Her appreciation for that state’s beauty and natural diversity has made Amy a West Virginian by choice. Her passion and love for forests — first recognized as a career path at Virginia Tech, where she earned her B.S. in Forestry & Wildlife and M.S. in Forest Management — has led her to experiences at Foresters Incorporated, The Nature Conservancy in West Virginia, Canaan Valley Wildlife Refuge, and her own forestry consulting business and energizes her work to protect land for private landowners and steward land for public users with the land trust.
Dr. Rick Landenberger is the Science and Land Management Specialist for West Virginia Land Trust. Rick oversees all management plans for our nature preserves and natural areas – from writing the plans to executing and managing the development. If you have visited any of our public preserves you can thank Rick!

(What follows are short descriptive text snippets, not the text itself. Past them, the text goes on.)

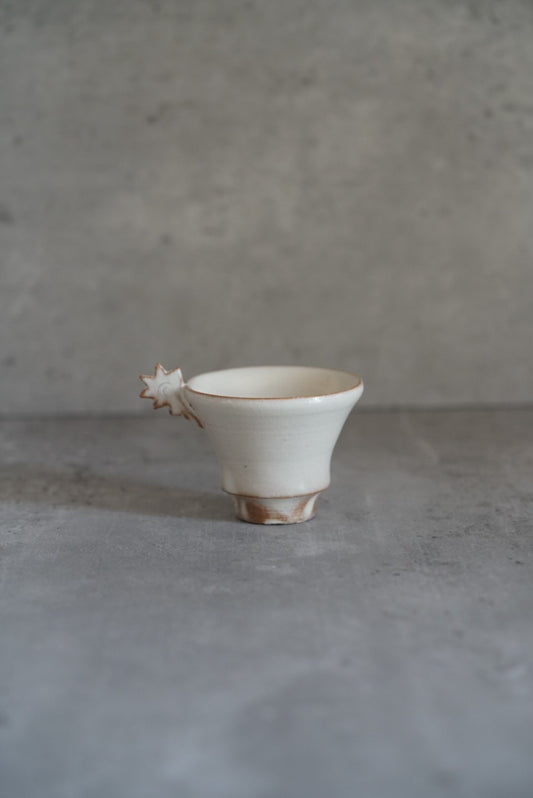 Small white footed cup with a jagged crown-like spur rising from one side of the rim.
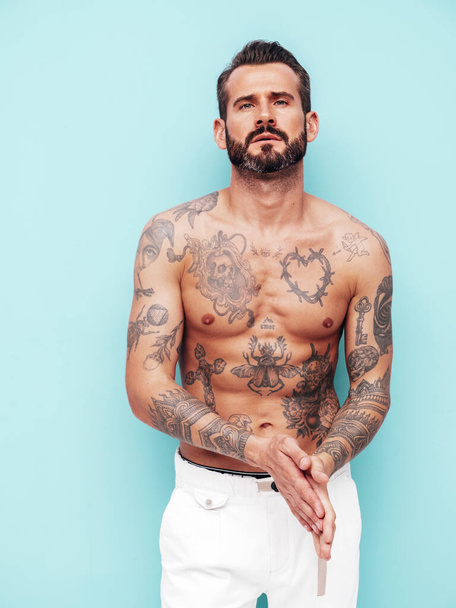 Portrait of handsome confident stylish hipster lambersexual model. Sexy modern man. Naked torso with tattoos.Fashion male posing in studio near light blue wall - Фото, изображение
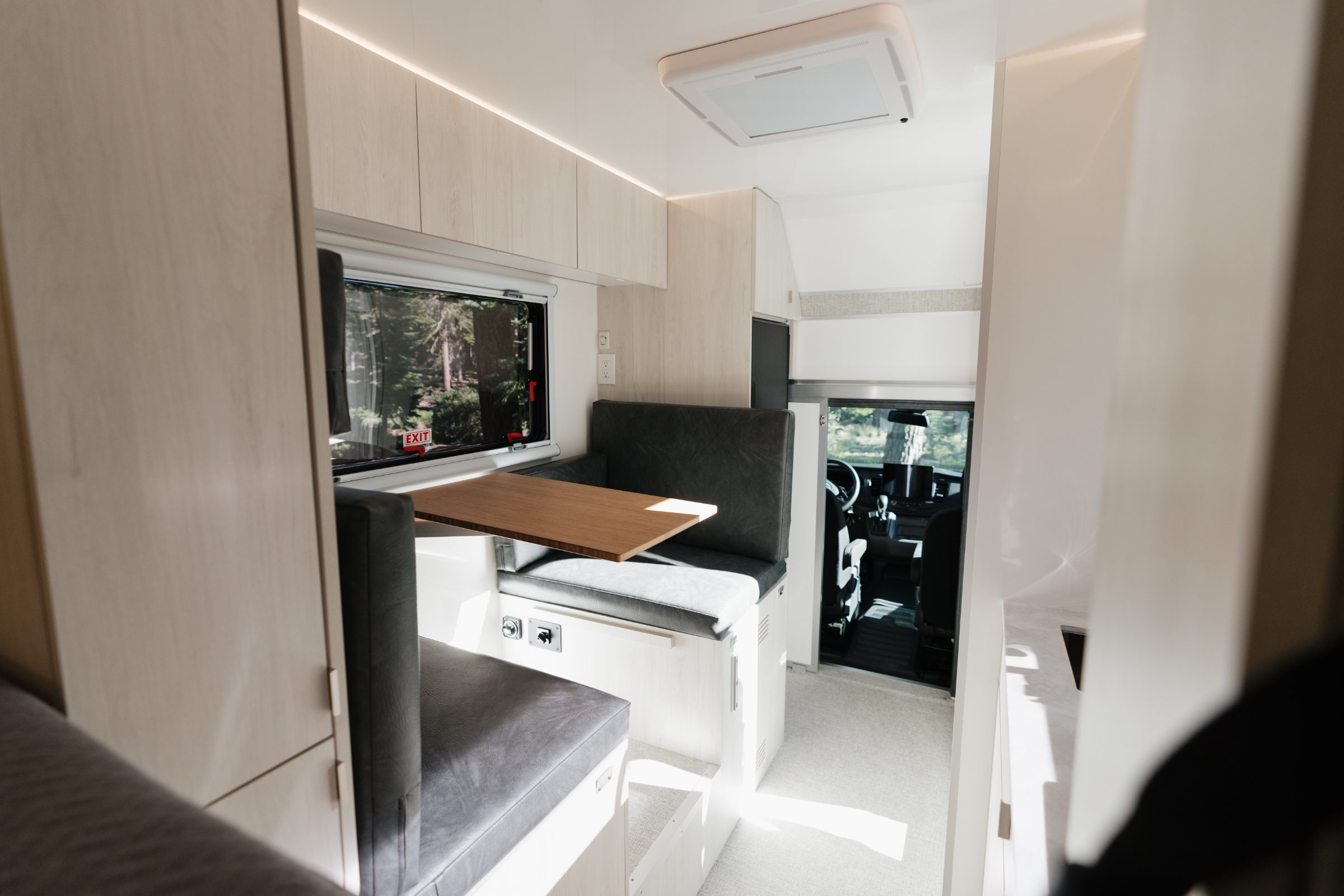 AEONrv dinette with the table set up, looking forward to the cab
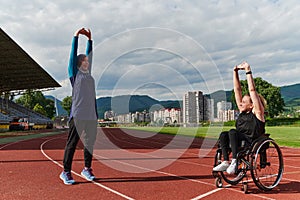 Two strong and inspiring women, one a Muslim wearing a burka and the other in a wheelchair stretching and preparing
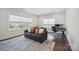 Inviting living room with hardwood floors, a comfortable couch, a large window, and a dedicated workspace at 19012 Beecher Commons Dr, Huntersville, NC 28078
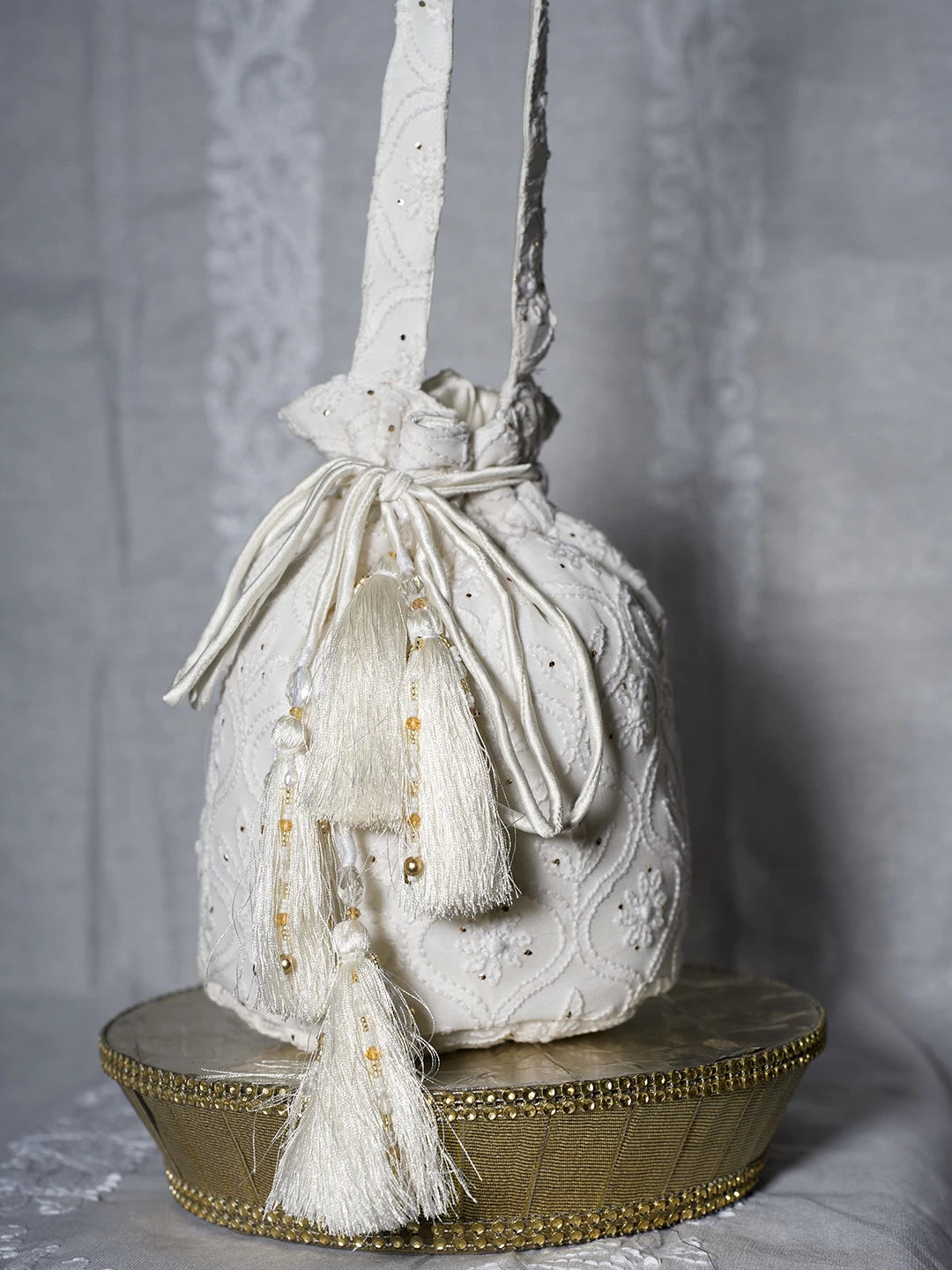 Ada Hand Embroidered Off White Viscsoe Georgette Lucknowi Chikankari Potli Bag With Mukaish Work 01A513055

Rick’s education includes: a BA in Environmental Science-Ecology from State University of New York at Plattsburgh, a MS in Forest Resource Management from State University of New York – College of Environmental Science and Forestry at Syracuse, and a Ph.D. in Forest Resource Science from West Virginia University (1999). He is a Certified Ecologist and PSIA Level II Telemark Instructor.
With a background in forest ecology, remote sensing, and wildlands recreation, Rick enjoys every opportunity to be outdoors. He is most at home on trails, whether he is building them, working with students and volunteers, or leading a field trip.
In his spare time, he enjoys telemark skiing, mountain biking, trail running, hiking, fly fishing, going out to cafes and traveling to Greece with his wife, Nektaria and their dog, Casper.
Jessica Spatafore is our Director of Development & Communications. She is the person behind our website, social media, newsletters, special events and parties. Anytime she is around, you can expect a good meal and a fun time.
Jessica has been with the West Virginia Land Trust since 2013. With nearly fifteen years of professional experience, Jessica is skilled in nonprofit organizations, communications, marketing, public relations, social media, event management, and fundraising. Her work with the WVLT focuses on conservation awareness and fundraising campaigns to help protect West Virginia’s special places, making a perpetual impact in her home state.
Jessica earned a B.S. in Strategic Communications from the West Virginia University School of Media. She has a passion for traveling and experiencing different cultures around the world. Through the WVU student exchange program, she spent a semester in Hong Kong; also traveling to Cambodia, Thailand, Malaysia, and Macau.
In her spare time, Jessica enjoys spending time outside with her husband, two sons, and Goldendoodle.
As the Conservation and Communications Coordinator, Adam Webster’s role for the Land Trust includes a mix of communications and land protection projects, such as developing conservation easements with landowners and collecting photography and creating video for the organization’s outreach and communications.
Although he finds sharks fascinating creatures, Adam prefers terrestrial predators. Adam’s love for outdoor recreation — such as hiking, fishing, rafting, skiing, and wild foraging — and his six generations of ancestors making a home among the hills, has influenced his stay in the wild and wonderful mountains of West Virginia.
Adam has a B.S. in Wildlife and Fisheries and M.S. in Journalism from West Virginia University. While in school, he studied water resources in Siberia and chased birds in Mexico during a 10-week exchange program. Adam has worked for industry, private consulting, nonprofit, and government organizations, including helping to develop a source water protection and water quality monitoring program for the City of Salem Public Works in Oregon. He also led stream survey crews in the Pacific Northwest and worked with endangered owls in the Coast Range alongside bigfoot.
Outside of conservation, Adam loves dogs, enjoys growing foods and flowers, and putting his finger on a map and figuring out how to get there!